Name of some subcorpora are abbrevated

acdh-oeaw / dylen-backend

1 stars 0 forks source link

Name of some subcorpora are abbrevated #9

Closed sbyim closed 3 years ago

sbyim commented 3 years ago

It's hard to guess what the actual media source is.

anyaat commented 3 years ago

These are the names used in the AMC corpus data. As we agreed at the tool meeting in October, we are going to have just a few sources, and 9 ones that are chosen for now are not abbreviated.

sbyim commented 3 years ago

What are the 9 sources? I've just imported the data as you've generated and shared, no filtering is done on the tool side yet.

sbyim commented 3 years ago

I can't find anything regarding the sources in the meeting protocol, could you post it here? If that's the case, is it possible to generate networks only for those corpus/subcorpus of interest?

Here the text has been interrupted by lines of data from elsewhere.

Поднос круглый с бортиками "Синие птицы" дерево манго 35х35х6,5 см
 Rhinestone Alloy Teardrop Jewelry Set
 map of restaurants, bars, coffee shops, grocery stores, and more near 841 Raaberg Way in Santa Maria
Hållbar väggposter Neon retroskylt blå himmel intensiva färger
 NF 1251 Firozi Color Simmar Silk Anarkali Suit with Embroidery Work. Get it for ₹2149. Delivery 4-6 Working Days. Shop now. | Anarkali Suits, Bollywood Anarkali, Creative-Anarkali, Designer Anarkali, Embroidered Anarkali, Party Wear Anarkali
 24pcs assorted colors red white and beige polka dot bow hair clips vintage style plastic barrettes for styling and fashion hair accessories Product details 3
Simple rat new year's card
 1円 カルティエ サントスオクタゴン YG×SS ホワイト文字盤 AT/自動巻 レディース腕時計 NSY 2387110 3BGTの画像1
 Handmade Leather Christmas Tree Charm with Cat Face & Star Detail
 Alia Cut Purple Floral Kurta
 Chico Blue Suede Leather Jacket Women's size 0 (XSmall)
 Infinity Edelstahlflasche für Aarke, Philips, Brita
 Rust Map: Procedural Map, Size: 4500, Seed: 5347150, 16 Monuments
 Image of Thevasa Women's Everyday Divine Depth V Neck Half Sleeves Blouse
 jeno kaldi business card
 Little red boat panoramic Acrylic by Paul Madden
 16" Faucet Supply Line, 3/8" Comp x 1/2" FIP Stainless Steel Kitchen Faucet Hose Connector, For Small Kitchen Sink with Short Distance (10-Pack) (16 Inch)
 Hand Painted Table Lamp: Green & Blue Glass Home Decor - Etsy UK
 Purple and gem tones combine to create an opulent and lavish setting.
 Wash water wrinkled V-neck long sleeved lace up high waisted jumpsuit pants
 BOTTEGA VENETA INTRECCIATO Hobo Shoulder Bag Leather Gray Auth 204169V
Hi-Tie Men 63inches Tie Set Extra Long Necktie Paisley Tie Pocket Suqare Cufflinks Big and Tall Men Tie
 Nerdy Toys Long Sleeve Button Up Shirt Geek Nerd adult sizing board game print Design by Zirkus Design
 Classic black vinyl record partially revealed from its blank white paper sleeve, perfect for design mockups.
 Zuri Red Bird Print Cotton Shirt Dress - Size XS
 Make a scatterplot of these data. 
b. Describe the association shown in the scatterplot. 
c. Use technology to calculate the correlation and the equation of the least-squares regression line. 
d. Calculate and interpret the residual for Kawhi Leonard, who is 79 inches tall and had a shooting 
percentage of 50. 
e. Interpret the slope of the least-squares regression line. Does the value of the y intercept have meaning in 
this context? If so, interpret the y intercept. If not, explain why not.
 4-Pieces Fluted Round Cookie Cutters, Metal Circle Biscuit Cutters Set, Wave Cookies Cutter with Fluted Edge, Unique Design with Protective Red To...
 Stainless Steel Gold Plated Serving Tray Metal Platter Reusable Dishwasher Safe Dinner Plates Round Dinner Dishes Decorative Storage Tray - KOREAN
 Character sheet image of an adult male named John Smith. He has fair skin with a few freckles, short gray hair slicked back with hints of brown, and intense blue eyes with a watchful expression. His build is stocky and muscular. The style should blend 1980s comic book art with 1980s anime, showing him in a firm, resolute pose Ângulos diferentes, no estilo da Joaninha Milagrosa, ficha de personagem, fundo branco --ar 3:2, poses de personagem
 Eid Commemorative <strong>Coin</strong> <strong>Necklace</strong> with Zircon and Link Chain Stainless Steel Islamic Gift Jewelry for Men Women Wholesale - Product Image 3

anyaat commented 3 years ago

Initially i was asked to use all sources for the tool. I proposed not to keep most of them (which are of a small size and little relevance) so that we can afford more target words. But we then decided to keep them for the trial so that Tanja and Andreas would choose the sources based on the analysis. The November trial didn't happen, and i was told it would not be possible to conduct it using the tool in the near future. Therefore, we are trying to estimate the parameters without the tool. Once the basic parameters are finalised, i will compute the data for 2000 words which could be used for the tool development.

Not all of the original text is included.